Moving around behind the desk, she leaned over, took a close look at what was written in the little yellow square: an international phone number and the word Keyre. A name? A place? She didn’t know. Just below, another international number, this one without a name or a place. Using the mnemonic her father had taught her, she memorized the numbers, figuring they must be extremely important if Gora hadn’t stored them in either phone.
“She isn’t dead,” Goon Number One said as he crouched beside Natalie in the salon.
“Well, that’s something,” Gora said distractedly. In his mind’s eye he was seeing the image of Morgana, her dress raised, her knees bent, her white thighs exposed, asking him, “Tell me when.” The frightened turtle had vanished, replaced by a snake, slowly stirring. “Get the cleaning materials,” he barked at Goon Number Two. “Clean up this mess, then get back to your usual post on the dock. At this late stage I don’t want anyone nosing around.”
As Goon Number One lifted Natalie’s head and shoulders off the carpet, she gave a tiny moan. Her eyelids fluttered.

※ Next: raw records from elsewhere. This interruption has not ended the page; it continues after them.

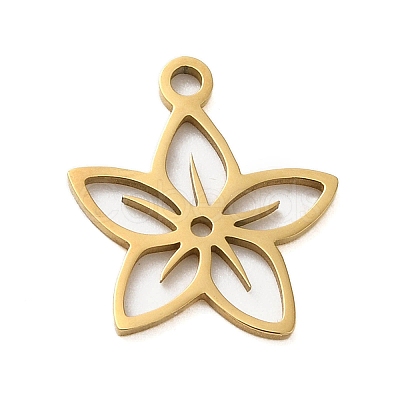 304 Stainless Steel Charms STAS-S123-01G-09-1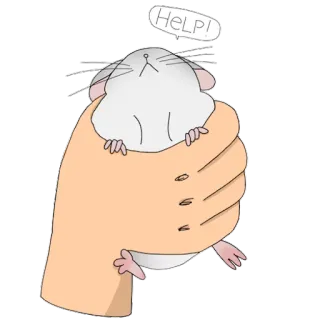 😭 HELP! rata, ayuda, animal, mano, lindo telegram sticker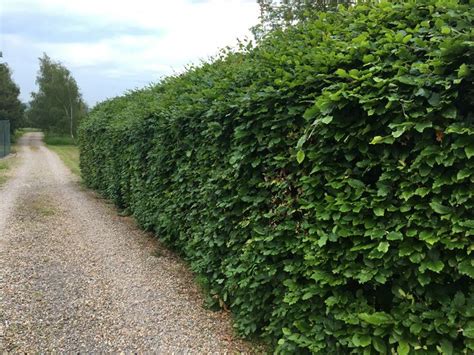 Beech Hedge in 2021 | Hedging plants, Hedges, Fence landscaping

“Clean her up, too, then get her to bed in one of the guest suites,” Gora ordered. “And for fuck’s sake get that stink out of here.”
Goon Number One wiped Natalie’s mouth with the still-damp towel from her water pistol experience, then lifted her in his arms, following his boss down the corridor toward the guest cabins.

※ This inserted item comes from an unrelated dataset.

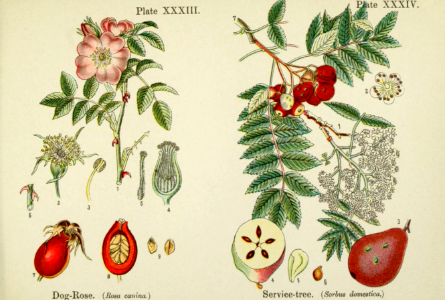 Dog-rose (Rosa canina) and service-tree (Sorbus domestica).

“Make sure you get her out of those soiled clothes,” Morgana heard Gora say over his shoulder to Goon Number One. “Wash off all the muck. There’ll be something for her to wear in one of the closets.”
Morgana was standing in the corridor outside the master suite when Gora saw her.

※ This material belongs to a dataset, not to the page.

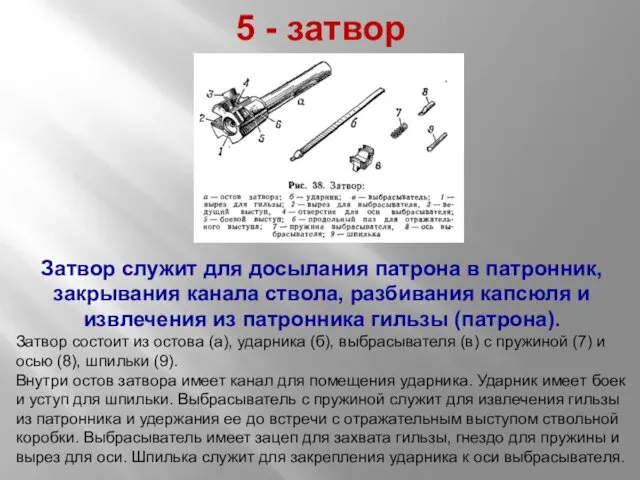 5 - затвор Затвор служит для досылания патрона в патронник,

“What’s happened?” she said.
“Nothing. Your friend got sick, that’s all.”
Morgana’s brow furrowed. “How sick?”
“I told you, it’s nothing.”
Gora reached for her, eager to return to the image in his mind’s eyes, but Morgana flew past him, running down the corridor.
“Wait!” Gora cried, and then, seeing that she wasn’t listening, “Fuck all.” He headed after her.
Morgana entered the room where Goon Number One had laid Natalie on the bed. He was cleaning the muck off the front of her dress, copping a feel of her breasts whenever he had the chance.
Crossing to where Natalie lay, Morgana swatted the goon’s hands away. “Get out of here. I’ll take care of her.”
The goon stood up, looked over at his boss. Gora gestured with his head, and the goon obediently stepped back.
“Nat,” Morgana said, bending over the bed. “Nat, what happened?”
Natalie stared up at Morgana, mouthed, I’m going to kill you.
Morgana gave her a grin only she could see, before trying to turn her over. Natalie moaned as if she were in great distress. Morgana made a show of putting her ear to Natalie’s chest. “Something’s wrong, her breathing’s labored,” she announced in a voice bordering on hysteria. “She might have inhaled some vomit. If her lungs are filling with liquid we’ll need to get her to a hospital or she’ll suffocate.”